# Examples of recycling for Coops, Runs and Housing



## TheGarryFarm

Our farm is definitely on the thrifty side and heavy recyclers as we both believe in being as "green" as possible. I'd love to see some ideas for repurposing materials for poultry usage.

Here is a temporary expansion brooder made to accomodate growing birds that no longer need heat lamp....
https://www.facebook.com/media/set/?set=a.486768074684905.122695.152971318064584&type=1&notif_t=like

Thanks


----------



## Apyl

Everything chicken related has been recycled. Our brooders are an old guinea pig cage and unused table and the coop and rooster run came from a colapsed building.


----------



## rob

i love seeing what people can do with stuff that would normaly be thrown away. great recycling


----------



## javamilk99

I love that roof coop!


----------



## Energyvet

Glass top wrought iron table is a kick.


----------



## jjwilson72000

My main coop is made out of a swimming pool. I did a lot of measuring, used tin snips, wrapped it around the frame and screwed it on the frame.


----------



## earlyt89

I love to see this. Doing what you have to with what you got. Good goin guys and gurls.


----------



## cogburn

Nice !! It doesn't have to be fancy to get the job done, I love to use all kinds of stuff to build shelters, permanent and temporary. Your imagination can make it happen, nice coops y'all, keep up the good work ! I used rabbit/guinea pig cages, an old trampoline, chain link dog kennels, and an old rabbit hutch I built for the kids years ago, I repurpose, recycle, and reuse stuff all the time..


----------



## Willy

We put together a couple of old chainlink dog pens to make a pen for our bantys and turkeys. Now if we could just evict the guineas.


----------



## Willy

Not as fancy as others posted here, but it's all recycled or free materials. The pen is two chain link dog runs fastened together with some boxes that were built to provide shelter for some yard cats that gives the chickens some shelter and a place to lay. We keep the turkeys and bantys in there. I've got to build some kind of roost for the turkeys as they won't go in the chicken boxes. This evening we evicted the guineas by closing off the top with chicken wire. They're supposed to be out free ranging anyway instead of staying in the pen all the time. 

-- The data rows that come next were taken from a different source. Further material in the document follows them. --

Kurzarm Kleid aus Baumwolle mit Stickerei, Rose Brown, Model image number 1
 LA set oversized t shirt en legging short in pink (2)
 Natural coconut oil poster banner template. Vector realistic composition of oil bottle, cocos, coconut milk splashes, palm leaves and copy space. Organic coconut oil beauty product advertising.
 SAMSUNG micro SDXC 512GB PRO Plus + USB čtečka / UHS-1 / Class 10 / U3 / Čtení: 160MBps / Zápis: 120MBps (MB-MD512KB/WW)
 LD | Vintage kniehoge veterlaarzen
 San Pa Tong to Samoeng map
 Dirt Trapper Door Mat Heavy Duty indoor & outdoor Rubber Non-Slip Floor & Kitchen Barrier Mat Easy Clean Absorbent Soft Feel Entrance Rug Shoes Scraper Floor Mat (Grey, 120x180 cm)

The yard chicken house with Clyde the rooster is an old outbuilding that was here when we got the house. It has a dirt floor and we just kept a bunch of junk in it for years. This past spring, we cleaned it out with the idea of keeping chickens and put in the roost and laying boxes. The yard chickens love it. 

Both are still works in progress and we add to them as we think of something new to try.


----------



## cogburn

Here's my "recycled" trampoline/rabbit hutch coop, it's all I had at the time, and was easy to transform into a very secure coop and run. I was given a bunch of chickens from an elderly gentleman in bad health, so I needed something fast and be able to keep them seperate. It worked like a charm and now the trampoline is mainly a "play pen" for my little bitties.. notice the tunnel I made to get them from point A to point B.. In 2-3 days they learned how it worked and used it with a ladder in trampoline. 
******* Ingenuity !!

Cogburn


----------



## cogburn

Tunnel pic again.....


----------



## Captain

my coop is currently under construction. i am re purposing an old Goat Barn that was left on my property. i have had to build walls, and doors, from recycles materials like Pallets, and old screen doors. so far the only thing i paid for was some Hardware Cloth/wire.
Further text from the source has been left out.